Sébastien MARNIER, né en 1977, a grandi en Seine Saint Denis à la Courneuve dans les logements sociaux de la Cité des 4000. La famille, nombreuse et viscéralement communiste, subit un choc lorsque la mère, à 60 ans, découvre qu’elle a un père richissime.

Sébastien étudie les Arts appliquées, dessin et peinture, puis obtient une licence de cinéma à l’Université Paris 8. Puis il se livre à un travail universitaire autour des films de genre, et en particulier les films pornographiques dont le succès commence à la fin du 19ème siècle et au début du 20ème.

C’est alors que « Le Forum des Images » lui commande la réalisation d’une compilation de petits films « alléchants », à projeter dans les salles d’attentes des bordels de luxe. Le succès est tel, que Sébastien réalise un nouveau film « Polissons et Galipettes ». Et vous serez sans doute étonnés d’apprendre qu’il sera sélectionné par le Festival de Cannes 2002 dans la catégorie « Quinzaine des réalisateurs », suivi d’une sortie en salles.

Il réalise ensuite, après une période de petits boulots alimentaires, une série pour Arte « Salaire net et monde de brutes ». Il se reconvertit ensuite en journaliste de mode, écrit un roman « Mimi » au souffle délirant, et un autre, « 4 », écrit à 8 mains avec 3 copines. Il fait du théâtre avec Marianne James et tout cela est accueilli par une Critique enthousiaste.

En 2015, il revient à ses premières amours, le cinéma, et réalise « Irréprochable » avec Marina Foïs et Benjamin Biolay, « l’Heure de la Sortie » avec Laurent Lafitte, puis son 3ème film « L’ORIGINE DU MAL ».

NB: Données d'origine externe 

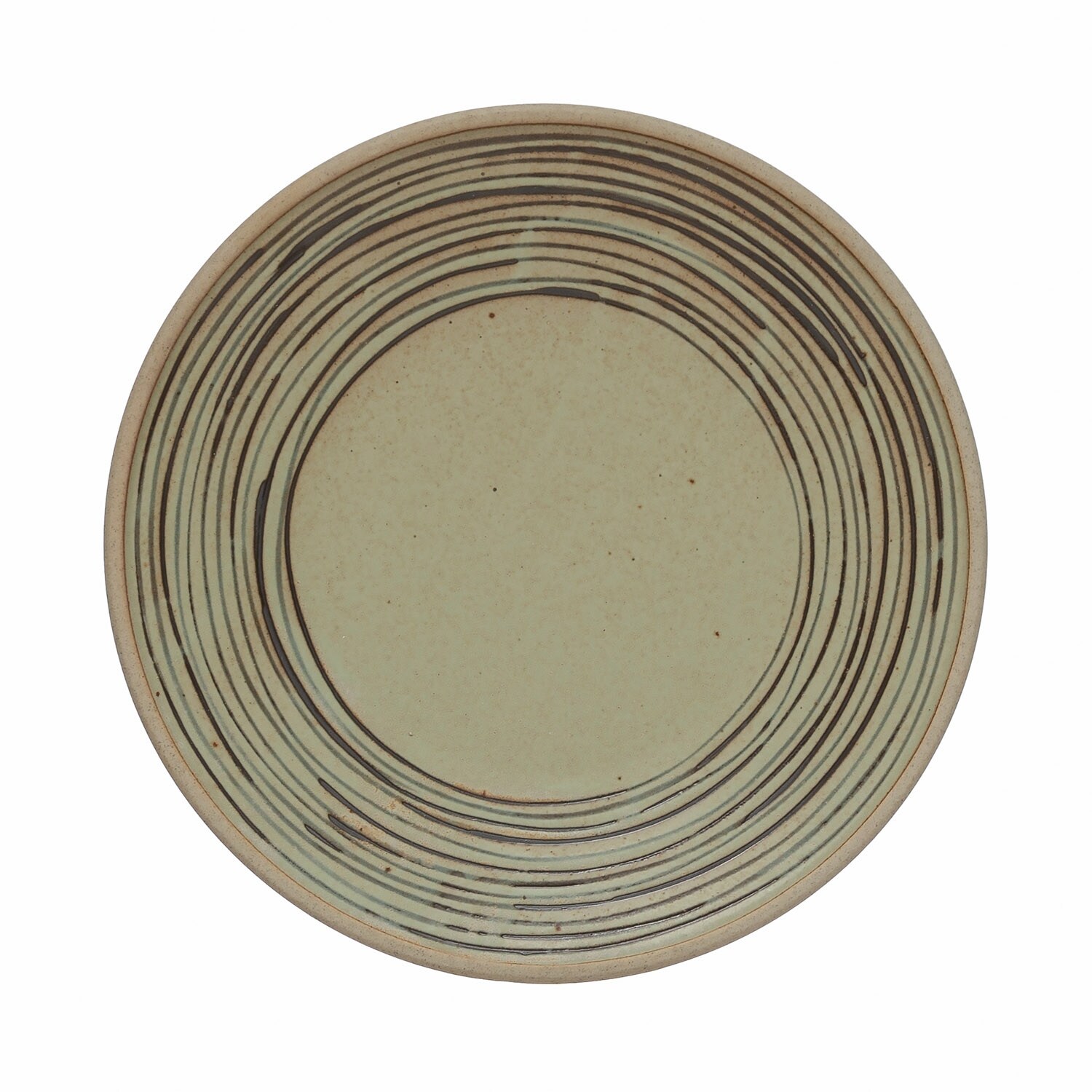 Round Hand-Painted Stoneware Organic Striped Plate, Reactive Glaze, Grey & Black (Each One Will Vary), Set of 2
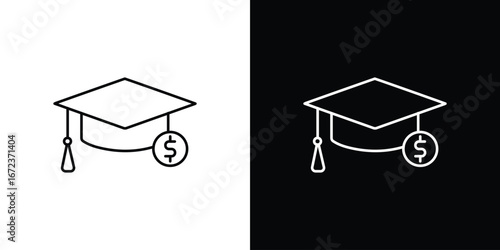 Education cost icon in editable stroke. EPS 10 vector illustration.
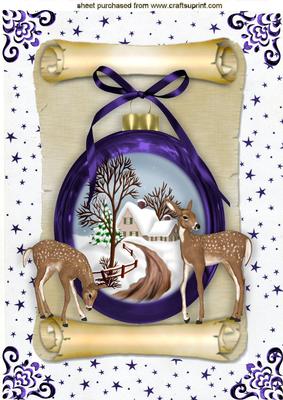 Christmas Snow Scene in Purple Bauble A4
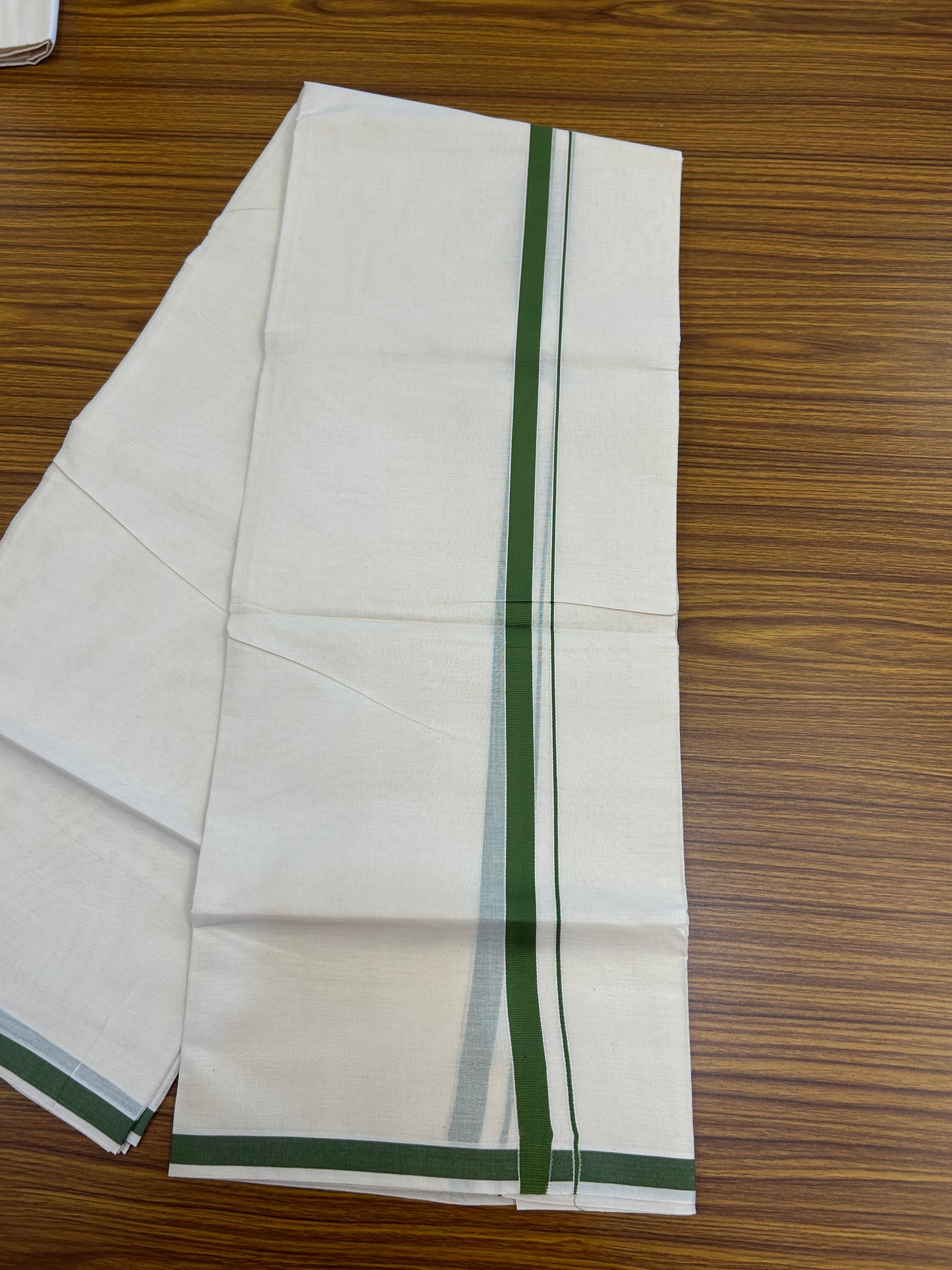 20% Discount! KaithariKada Balaramapuram 100% Cotton Double Off white - (Unbleached) - Mundu/Dhoti  (80s) - 1.5 cm Parrot Green Kara 4 mtr (8.5 muzham) - 44 KK5362 GAN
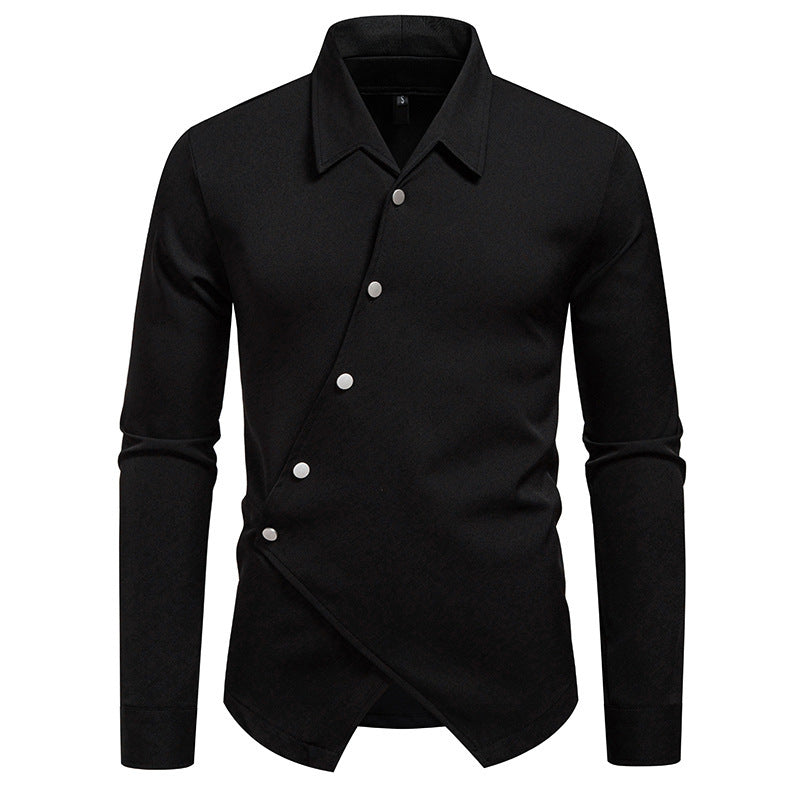 New High-end Men's Trendy Design Ruan Handsome Oblique Placket Shirt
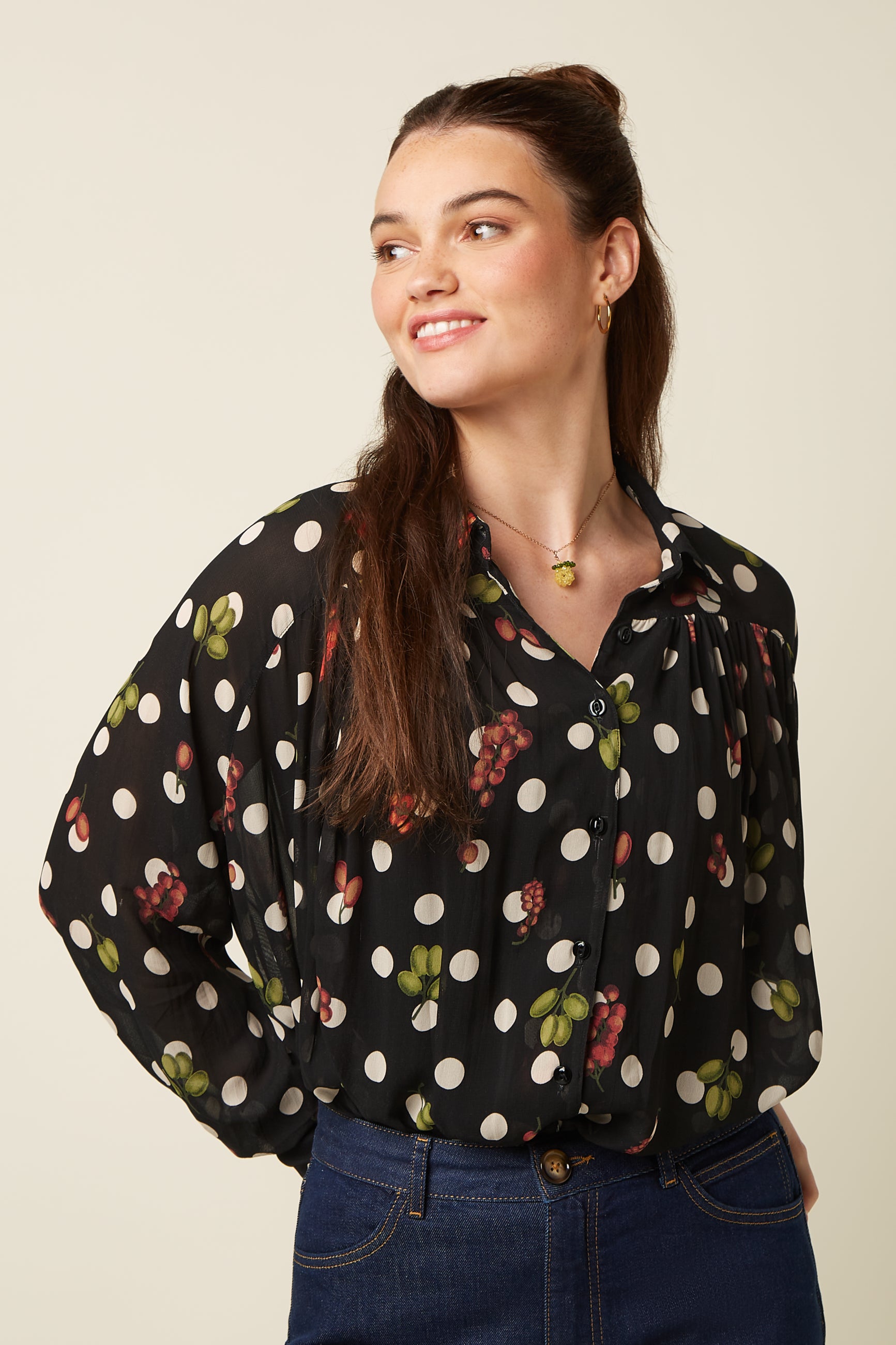 Leila Blouse Briny - Black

Sébastien Marnier est imbibé de cinéma, il s’amuse à le fabriquer, il travaille le son, il joue avec les images et les couleurs, avec les nouvelles techniques, split screens, nom anglais des écrans divisés, avec les lentilles anamorphiques pour déformer les images. Il veut donner du spectacle aux spectateurs et vous pouvez trouver dans ses films des clins d’œil à ses illustres prédécesseurs de toutes les époques et de tous les pays. Dans « l’origine du Mal » vous reconnaitrez entre autres des emprunts qui vont de Billy Wilder à Chabrol en passant par Bunuel.

Et Sébastien Marnier va vous faire découvrir autrement 4 acteurs que vous connaissez très bien : un Jacques Weber extraordinaire de « monstruosité caressante », une Dominique Blanc géniale en Gloria Swanson téléportée du grand cinéma hollywoodien des années 1950, une Laure Calami autre que la femme « nature et solaire », et une Suzanne Clément d’une étonnante brutalité. Et il y a aussi « La Villa », que le réalisateur avait découverte en 2018 et qui lui avait laissé un souvenir tel qu’il l’a immédiatement recherchée pour être le décor central de « l’origine du mal ».

La musique est de l’auteur compositeur chanteur Pierre Lapointe , qui n’est pas rompu à l’exercice de la musique de film, et il n’hésite pas à « secouer les genres » !

Vous allez voir un film baroque, réjouissant, et qui peut aussi vous offrir une méditation cruelle sur le genre humain.